Es handelt sich um eine Bildungsstudie der Stiftung Lesen, der „Zeit“ und der Deutsche Bahn Stiftung – unterstützt vom Bundesbildungsministerium. Die Ergebnisse wurden am Montag in Berlin vorgestellt. Für den „Vorlesemonitor 2022“ wurde die Vorlesepraxis in Familien mit Kindern im Alter von ein bis acht Jahren untersucht. Insgesamt wurden deutschlandweit 800 Familien in persönlichen Interviews befragt.
Die Studie zieht auch Rückschlüsse zu Umfrage-Ergebnissen der vergangenen Jahre. Zudem analysiert der Monitor Vorlesebiografien und Risikofaktoren – und macht Angaben, wie viel Vorlesestoff in den Familien vorhanden ist. Dabei werden analoge und digitale Angebote einbezogen.

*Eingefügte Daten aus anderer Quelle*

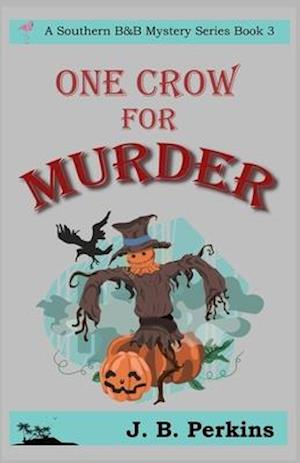 One Crow For Murder: A Southern B&B Mystery Series Book 3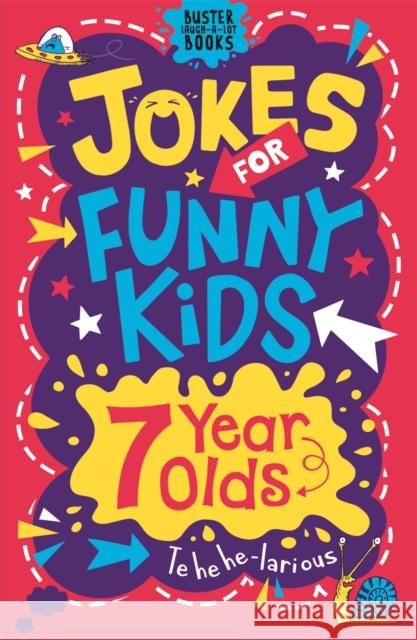 Jokes for Funny Kids: 7 Year Olds Pinder, Andrew; Currell-Williams, Imogen 9781780556246 Buster Books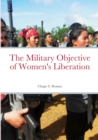 Image for The Military Objective of Women&#39;s Liberation
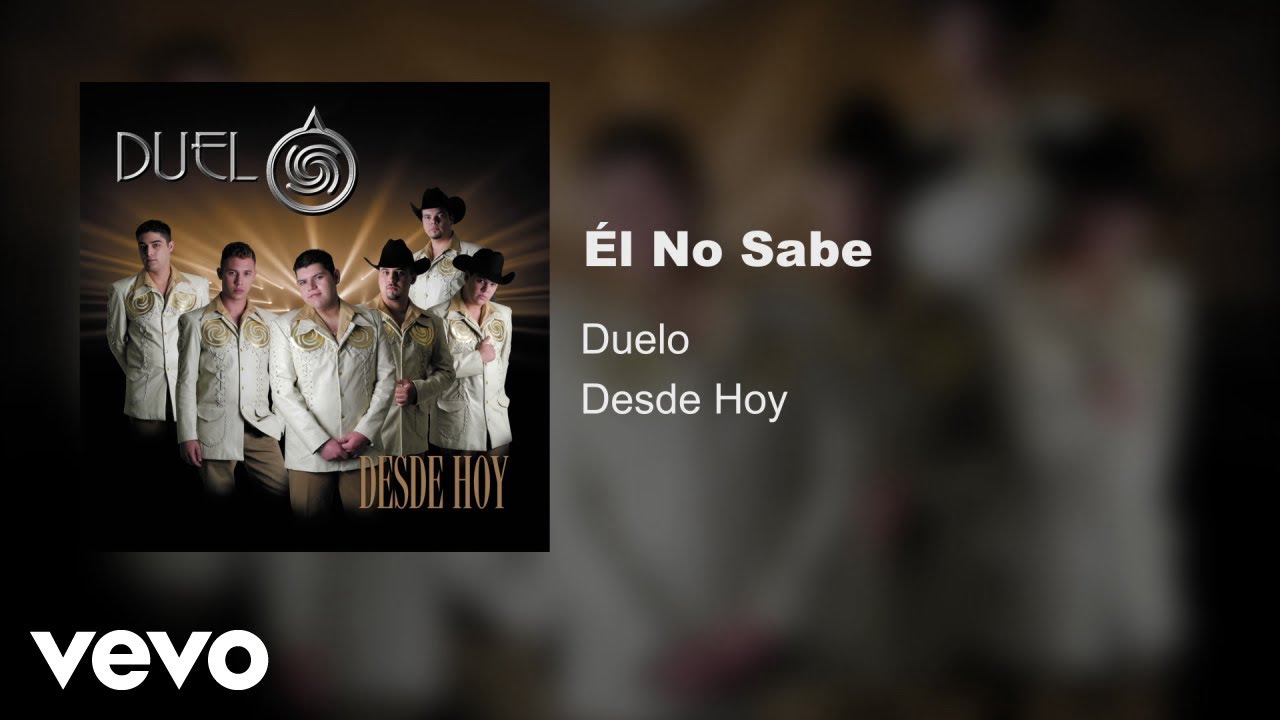 Duelo - Él No Sabe (Audio)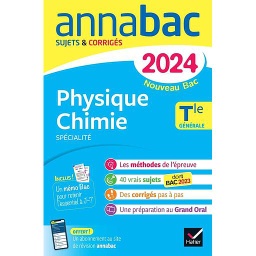 Physique-Chimie spécialité Tle générale  - Sujets & corrigés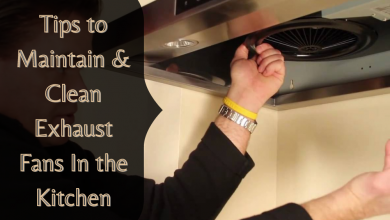Photo of Tips to Maintain & Clean Exhaust Fans In the Kitchen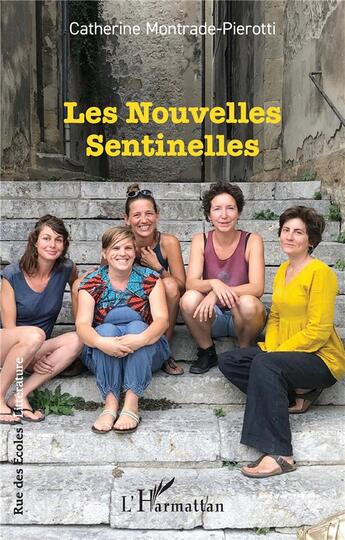 Couverture du livre « Les Nouvelles Sentinelles » de Catherine Montrade-Pierotti aux éditions L'harmattan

Wie sind die wichtigsten Ergebnisse?
Der „Vorlesemonitor 2022“ zeigt unter anderem, dass 39 Prozent der 1- bis 8-jährigen Kinder selten oder nie vorgelesen wird. 2019 lag der Anteil bei 32 Prozent. Viele Eltern fangen mit oder nach dem zweiten Geburtstag der Kinder vergleichsweise spät mit dem Vorlesen an. Den meisten 3- bis 5-Jährigen wird laut Studie zu Hause vorgelesen. Spätestens mit dem Eintritt in die Schule lesen Eltern aber deutlich seltener vor. Vor allem Eltern mit formal geringer Bildung sind wenig aktiv. Mehr als die Hälfte von ihnen liest ihren Kindern selten oder nie vor.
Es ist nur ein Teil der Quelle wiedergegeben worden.